Problem requirements -> Please reproduce the listing verbatim, without its images.
[[ Supplied material, beginning ]]
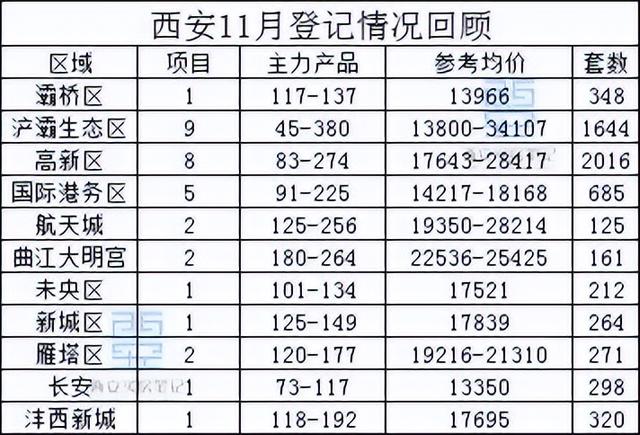 城六区商品住房销售公示平台官网,城六区商品住房销售公示平台官网查询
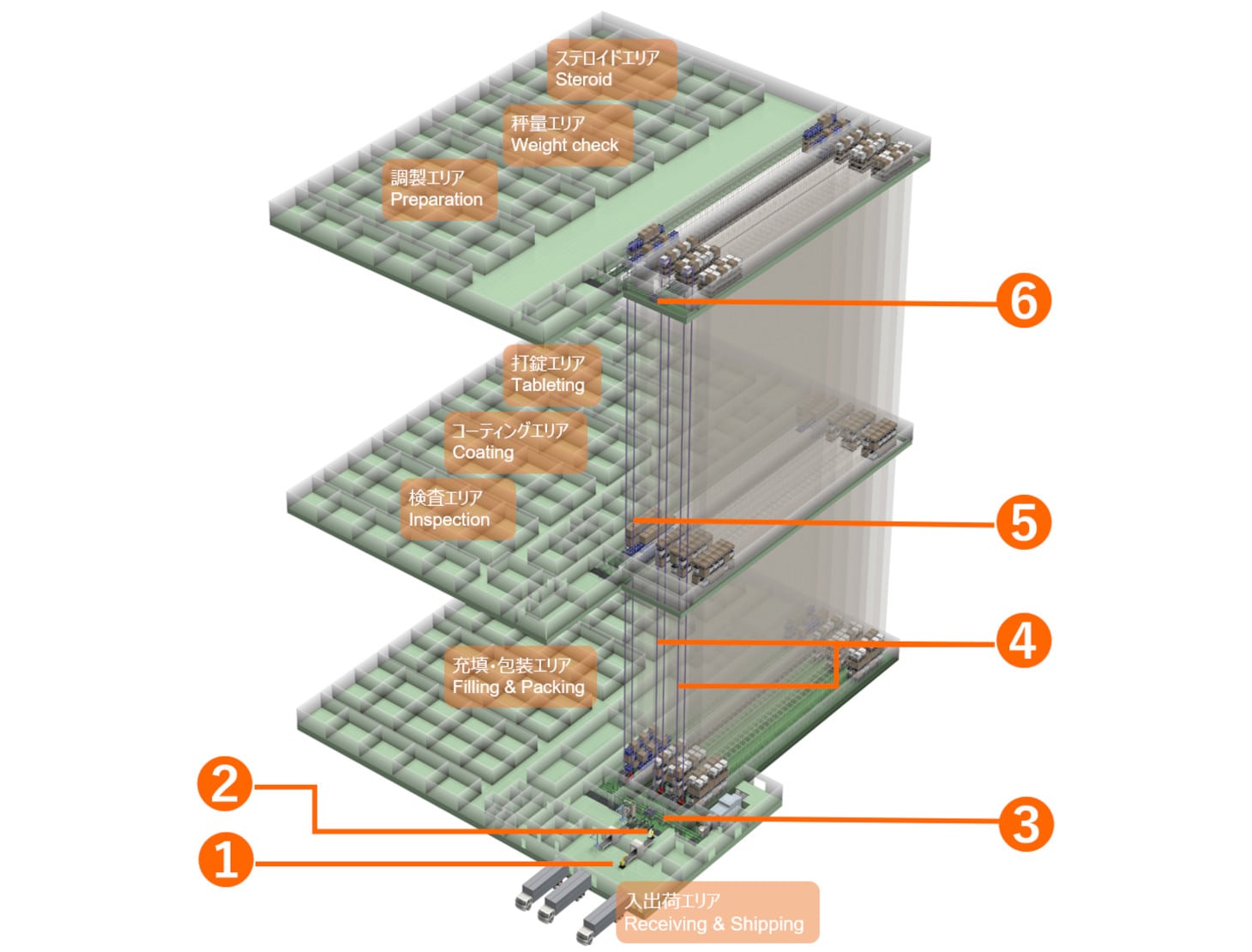 nissin pharma layout,AS/RS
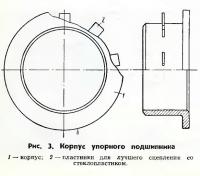Рис. 3
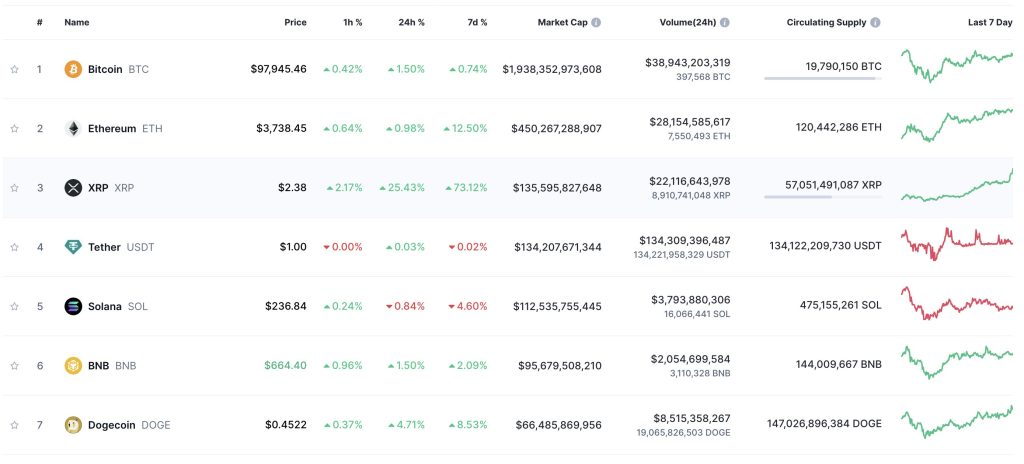 XRP Market Cap Surpassed USDT To Become The 3rd Largest Cryptocurrency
[[ Supplied material, end ]]
Problem solution ->
 城六区商品住房销售公示平台官网,城六区商品住房销售公示平台官网查询
 nissin pharma layout,AS/RS
Рис. 3
 XRP Market Cap Surpassed USDT To Become The 3rd Largest Cryptocurrency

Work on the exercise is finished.